### ASSIGNMENT
Would you reproduce exactly the lines below from the one holding "moroccan-business-partners" through the one holding "gabriel_travieso", inclusive, and no others?

<<<<

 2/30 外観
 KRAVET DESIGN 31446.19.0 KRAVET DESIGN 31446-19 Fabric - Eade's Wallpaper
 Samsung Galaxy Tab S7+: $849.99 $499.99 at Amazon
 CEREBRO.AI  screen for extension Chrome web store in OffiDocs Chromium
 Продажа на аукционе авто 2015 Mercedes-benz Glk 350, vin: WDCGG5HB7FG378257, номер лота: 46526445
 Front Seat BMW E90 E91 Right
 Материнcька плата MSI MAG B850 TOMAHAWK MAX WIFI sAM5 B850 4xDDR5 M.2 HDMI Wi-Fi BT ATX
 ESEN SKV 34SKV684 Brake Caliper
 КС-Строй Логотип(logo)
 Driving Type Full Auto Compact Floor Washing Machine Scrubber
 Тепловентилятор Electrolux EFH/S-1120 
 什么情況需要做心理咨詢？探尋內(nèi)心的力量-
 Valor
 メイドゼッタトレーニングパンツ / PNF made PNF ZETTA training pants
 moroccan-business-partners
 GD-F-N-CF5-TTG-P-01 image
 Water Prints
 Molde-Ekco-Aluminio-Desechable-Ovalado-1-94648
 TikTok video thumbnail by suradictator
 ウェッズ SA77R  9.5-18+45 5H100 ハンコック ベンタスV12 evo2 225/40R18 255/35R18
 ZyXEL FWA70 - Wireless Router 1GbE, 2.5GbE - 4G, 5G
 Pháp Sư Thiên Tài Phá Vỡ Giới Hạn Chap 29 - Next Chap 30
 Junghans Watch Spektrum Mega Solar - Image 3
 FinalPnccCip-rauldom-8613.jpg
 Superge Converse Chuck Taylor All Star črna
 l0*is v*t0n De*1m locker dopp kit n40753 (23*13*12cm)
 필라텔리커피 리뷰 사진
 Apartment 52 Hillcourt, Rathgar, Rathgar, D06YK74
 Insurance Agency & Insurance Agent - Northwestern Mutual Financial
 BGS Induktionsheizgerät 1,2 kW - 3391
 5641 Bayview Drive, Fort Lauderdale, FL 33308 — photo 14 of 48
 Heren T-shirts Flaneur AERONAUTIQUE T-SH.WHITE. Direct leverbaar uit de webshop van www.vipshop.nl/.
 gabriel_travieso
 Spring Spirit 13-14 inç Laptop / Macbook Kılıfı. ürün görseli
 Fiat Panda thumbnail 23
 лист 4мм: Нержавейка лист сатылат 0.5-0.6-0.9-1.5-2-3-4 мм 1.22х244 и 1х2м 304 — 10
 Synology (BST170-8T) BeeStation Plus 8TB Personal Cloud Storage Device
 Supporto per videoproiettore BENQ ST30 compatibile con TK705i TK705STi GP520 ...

>>>>

### SOLUTION TO THIS PROBLEM
 moroccan-business-partners
 GD-F-N-CF5-TTG-P-01 image
 Water Prints
 Molde-Ekco-Aluminio-Desechable-Ovalado-1-94648
 TikTok video thumbnail by suradictator
 ウェッズ SA77R  9.5-18+45 5H100 ハンコック ベンタスV12 evo2 225/40R18 255/35R18
 ZyXEL FWA70 - Wireless Router 1GbE, 2.5GbE - 4G, 5G
 Pháp Sư Thiên Tài Phá Vỡ Giới Hạn Chap 29 - Next Chap 30
 Junghans Watch Spektrum Mega Solar - Image 3
 FinalPnccCip-rauldom-8613.jpg
 Superge Converse Chuck Taylor All Star črna
 l0*is v*t0n De*1m locker dopp kit n40753 (23*13*12cm)
 필라텔리커피 리뷰 사진
 Apartment 52 Hillcourt, Rathgar, Rathgar, D06YK74
 Insurance Agency & Insurance Agent - Northwestern Mutual Financial
 BGS Induktionsheizgerät 1,2 kW - 3391
 5641 Bayview Drive, Fort Lauderdale, FL 33308 — photo 14 of 48
 Heren T-shirts Flaneur AERONAUTIQUE T-SH.WHITE. Direct leverbaar uit de webshop van www.vipshop.nl/.
 gabriel_travieso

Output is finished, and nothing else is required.